I know this doesn’t fit the common narrative in our society, but the fact is that predators, particularly sexual predators, tend to be people who are friends or acquaintances. Actual abductions by strangers are rare.
What’s more, there are plenty of times strangers can be helpful to children, such as police officers in uniform or staff members at a zoo if a child is lost.
So what I advocate is situational awareness for children. This approach helps instill in children the need for them to be aware without shifting to paranoia. Children need to be reassured that they are going to be protected but they also need to be empowered to be part of that protection.
It is a good idea to help our children understand their surroundings and what is acceptable in terms of adult behavior.
Emphasize to your children that they can say “no” to an adult when they are uncomfortable or when an adult is trying to force them to do something they know is wrong. Adults never need to ask a child for help. If an adult asks a child for help finding a puppy turn and run away.
Prepare your child for the worst case scenario: If someone tries to grab them, do everything possible – bite, kick, scream, make noise and run as fast as they can – to get away or get attention.

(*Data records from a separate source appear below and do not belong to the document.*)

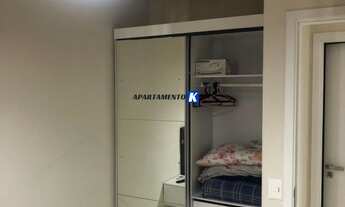 Imagem 5: Apartamento MOBILIADO p/ LOCAÇÃO - 39m², 1 dormitório, TODO MOBILIADO, Ar Condicionado, El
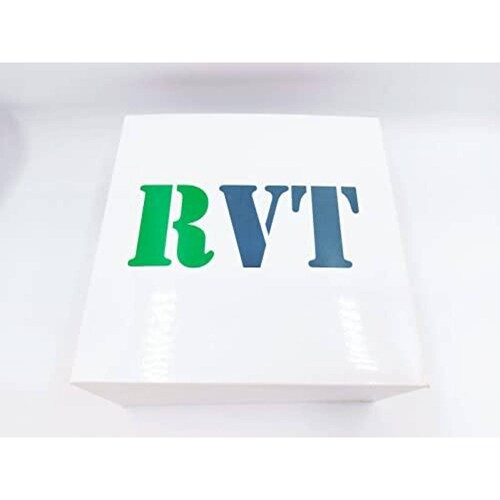  RVT Sports Cubo de Magnesia, 2 Oz, Magnesia en Cubo, Gimnasia, Crossfit, Halterofilia, Escalada 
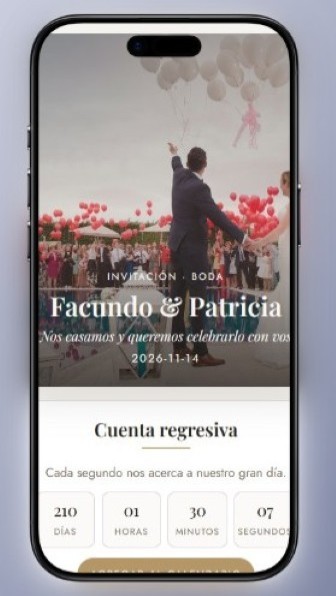 Boda Minimal Template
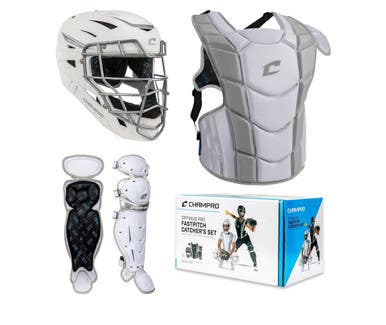 New Fp Catcher Gear Wht Y12+ 11834-chpcbsf11w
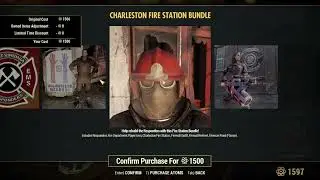 {SDS}Fallout76~Atmoic shop~2022 03 15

There are practical ways to prepare your child to be aware of surroundings. For one, play memorization games with them to help them pay attention, such as asking what color was the car next to us in the parking lot, or the color of someone’s hair while we were standing in line. It’s a fun way to get their minds focused on awareness. I now find my kids noticing things I didn’t.
Teach kids to introduce themselves to people, look someone in the eye and say their name at least loudly enough to be heard. Why? It shows attention and an appropriate amount of assertiveness. Research shows that offenders tend to choose victims who exhibit victim behavior – not paying attention, head down, walking with no purpose.
Lastly, I want to share a caution with parents about Facebook. It is so tempting to share happy moments but be aware of how information can be used. If you put a picture of your daughter on Facebook wishing her a happy birthday by name, that is all information that can be used to try to entice a child. Limit the information you use and, most importantly, use privacy settings.
While we don’t want to induce paranoia, we want to encourage common sense and paying attention to surroundings as sure ways for parents and children to feel secure.